For the committee of inquiry as well as for other next steps applies: It is primarily dependent on the Socialists and Democrats if we can make progress or not. In the new parliament they play a central role for many progressive issues. Yet so far have Martin Schulz, his parliamentary group as well as Sigmar Gabriel and the party comrades in the German Parliament been remarkably quiet although they face such a great opportunity for social progress. The Grand Coalition in Berlin is also stalling Brussels in the fight against aggressive tax avoidance. The coalition agreement of the governing parties in Berlin takes explicitly position against country-by-country transparency of profits of multinational corporations. The same applies to the Anti-Money laundering Directive: The European Parliament demands that in the future it has to be public which owner hides behind which letterbox companies – the Grand Coalition of SPD and CDU in Berlin stalls here, while both are in favour in the European Parliament.

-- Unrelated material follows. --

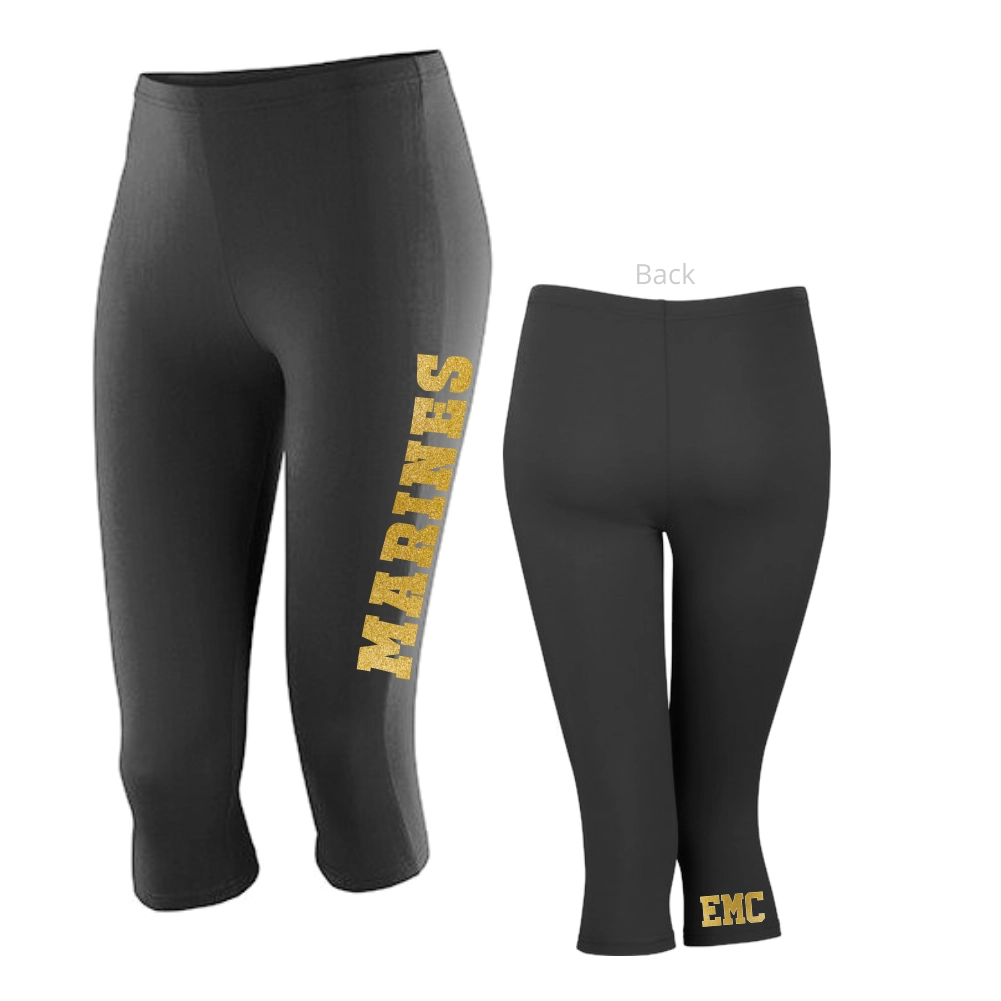 Erlangen Marines Cheerleader 3/4 Leggings (Black)
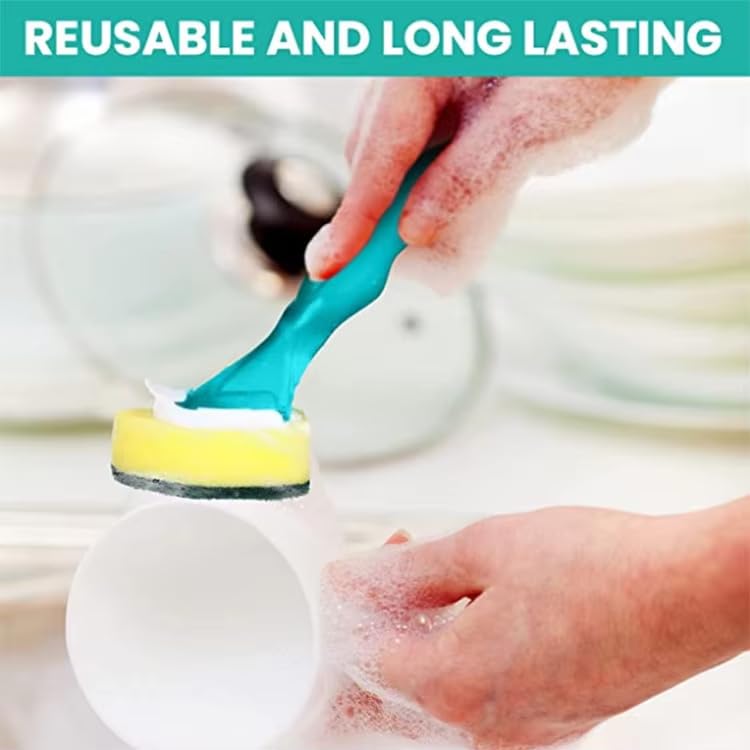 Carockoo Heavy Duty Dish Wand Sponge Refills - Replacement Scouring Pads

Furthermore, there is the issue of minimum tax rates. Certainly there is no need for a one-size-fits-all rate in a common market, but at least a common minimum tax rate. Also about this issue one can hear no sound from Martin Schulze and the European Socialists and Democrats.
Would the Christian Democrats and Social Democrats advocate more strongly for tax equity another key project came into reach. As his first big initiative Juncker promised a 300 billion Euro investment project to boost the European economy and reduce the intolerable high unemployment rate. The whole world wonders now how he wants to fund that. His now revealed plans contain not one cent of fresh public funds. We have a solution for this problem: At the very latest since the LuxLeaks scandal it is apparent how how to achieve: When the EU closes the tax havens it would be possible to fund even bigger investment projects. At the convention of the European Greens in Ostend a couple of days ago we have decided that tax justice will be one of our six priorities for the next 5 years. That offers me the opportunity to aggressively pursue my pet subject.